Give me your opinions. From the search that I did on this site I am sure the majority will agree with me. 

No, he won't see your replys either.


Thanks,
JAckal


----------



## neighborstree (Feb 21, 2007)

notch !!!. his way is unsafe and will damage bars and chains . atleast from my experance.


----------



## sawinredneck (Feb 21, 2007)

Welcome to AS, first off!

I can only say it's a wonder he hasn't gotten killed by this practice! There are so many things that can go wrong with this practice I can't even begin to list them, I am sure others will!!!
Without some relief on the front side you have no control of where the tree is going, or what it will do while getting there! I used to use practice on small 10"-12" White Oaks trees, cut all the way then "force fall" it the rest of the way. I had a couple of them barberchair, split down the middle and half of it came back at me. Now no matter the size of the tree I cut some type of relief on the front side, be it a notch or just a scarf cut.
I am truely amazed a tree has never set down on his saw and teetered!! I had this happen once also! I cut a notch, but not big enough, the tree set back and just teeterd in the wind! Not a good place to be!!! Be careful, and don't follow his example!!!


----------



## Ianab (Feb 21, 2007)

> This seems scary as hell to me.
> 
> Give me your opinions



My opinion is.... you are right  

It's just he's got away with it so far, but no way I'd be standing anywhere near him while he's 'felling'

We might debate the type and size of notches, but everyone agrees you need some sort of notch and hingewood.

Cheers

Ian


----------



## ropensaddle (Feb 21, 2007)

*notch*

Use notch and also don't rely on pushing; a rope can be set
with a throw ball to ensure the tree goes where its intended!
the only time I won't notch is in an ice loaded tree. If its leaning away 
i will take my power pruner fully extended and scratch it until she pops,
in that way if it barber chairs i'm already thirteen feet away and not
near the explosion! I have bent a bar like that, to me small price to 
keep out of harms way; ice loaded trees are dangerous and often explode
as soon as they are touched with a saw so, the farther away the better.
if they are leaning toward a house get a bucket I don't climb ice loaded 
trees. On pushing; I once saw a man trying to push a tree three foot
in diam aganst a lean, the only thing that saved him is saw was pinched!
Even though he couldn't push he tried to cut again and I had to come to
his rescue set a rope hook to pickup and pull over . I asked why he tried 
to cut more and he said because it had not fell. Don't listen to people
not in biz ,read, ask and know before you cut you were right this time
read to find out why and its responsible to stop someone from doing
dangerous acts.


----------



## TheTreeSpyder (Feb 21, 2007)

i'm with them; the notch/face will give relief to offer path of least resistance, and not have backpressure to override the constitution of the spar (of backpressure vs. forward pressure of fall) and BarberChair. Notching/ Facing (without dutching/ allowing horizontal cut to cross the more vertical) will also allow an inspection of the interior wood for dryness(loss of elasticity on tension side), decay(loss of both elasticity on tension side and firm push on compression side) or cracks (forming plural that could bind against each other instead of singular movement) etc.

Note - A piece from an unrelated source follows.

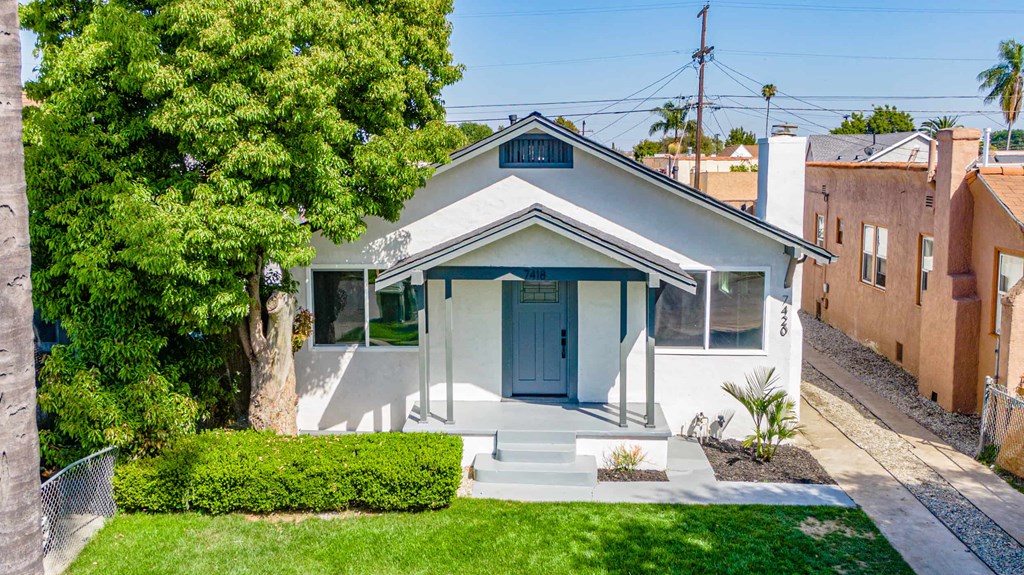 a small white house with a blue door and a tree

Also, the width/ breadth of the tear/ hinge at felling gives steering and side to side stability; facing/notching allows you to dictate that (as well as how much the Center of Gravity/CG is undermined); rather than just allowing these factors at the depth in and breadth across that the tree leaves you with when it goes. So, making the face/ notch will allow you to dictate how far back behind CG hinge is at fall; and the expanse across; pulls/pushes from side to side.

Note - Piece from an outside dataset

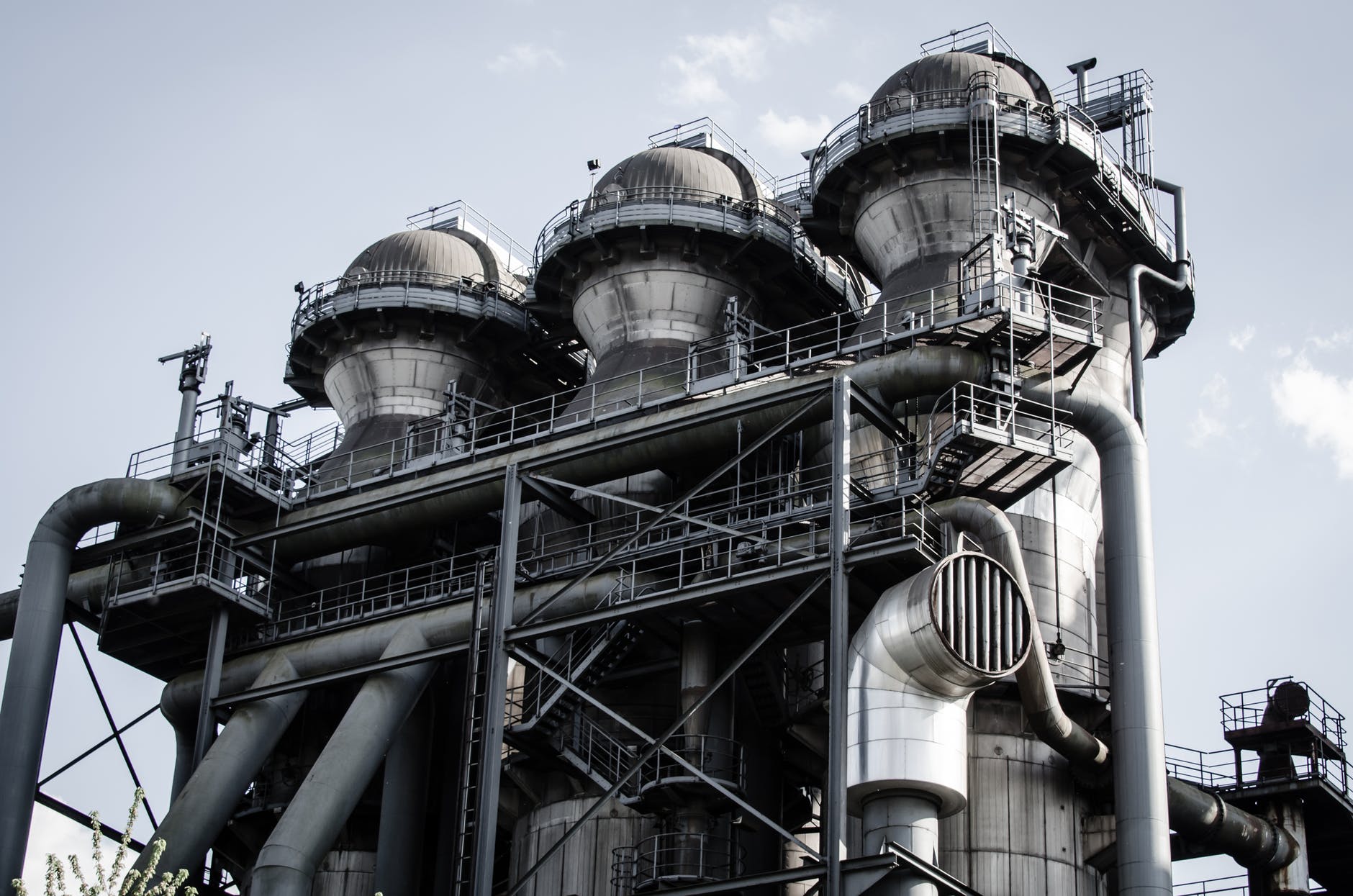 grayscale photo of metal building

1 thing that is given up the deeper you undermine the CG is the wedge to hinge/tear length; thereby it's potential leverage. Wedges are simple devices to serve the beast forward and keep against set back of tree. Though, if he cuts until bar is pinched a wedge will let him cut too far for his 'style'. A rope and throw bag are also cheap insurance. But, i caution against a rope pull too far below CG that i think would give more of a straight forward pull than flexing over in some cases.

The backpressure of your father in laws method, can give support to fall; but also throw some curves into it. Better left to expert choice and facilitation; on some trees and not all.

Trees are the largest organisms ever born; standing in the batter's box and betting you can shoulder over any of those over 22" in diameter is very chancey.

i think a conventional face is easier to make than humboldt, and this might relieve some of his arguemeant. In the conventional facing the weight of the saw can carry it down into the wood on the slanted cut. In humboldt, you must carry the weight of the saw upwards, this slanted/ longer than straight path.

Chainsaw Use Animations

Other Chainsaw Use Links

This is dangerous work; hunting and felling the largest beasts ever borne; larger than the dinosaurs. One should follow the rules; lessons paid for with lives; lest the numbers catch up with you!


----------



## Blinky (Feb 21, 2007)

The reason to notch is to open the face of the hinge so the hinge wood doesn't break until it has controlled the direction of the fall... it's a control thing. How much more trouble can it be to cut a notch than to potentially pinch your saw anyway?


----------



## John Ellison (Feb 21, 2007)

Next time your FIL hangs one up in another tree because he has no real idea where it is going, tell him that you are glad that his way to fall timber is so fast because you need a lot of extra time to get those hangers down.


----------



## Husky137 (Feb 21, 2007)

Like most FIL's, he's an idiot.


----------



## tek9tim (Feb 21, 2007)

TheTreeSpyder said:


> Trees are the largest organisms ever born;



Negative. Correct answer there would be mushrooms.


----------



## ray benson (Feb 21, 2007)

Show your Fil ANY owners manual. They have directions on safe felling practices. It's only a matter of time before he injures himself or someone else. As a machinist you can relate to safe work practices. Here is a large document on safe felling practices. He may not be willing to look at it, but you may find it interesting.
http://www.osh.dol.govt.nz/order/catalogue/pdf/treefell.pdf


----------



## computeruser (Feb 21, 2007)

tek9tim said:


> Negative. Correct answer there would be mushrooms.



+1.

Anyway, everybody else is right about the notch-and-hinge bit - they are important, often essential, and should NOT be skipped. Even on little 3" trees the no-notch technique is unsafe - a friend had his MS290 tossed about 25 feet when a 3" maple barberchaired, and he easily could have been hurt, too.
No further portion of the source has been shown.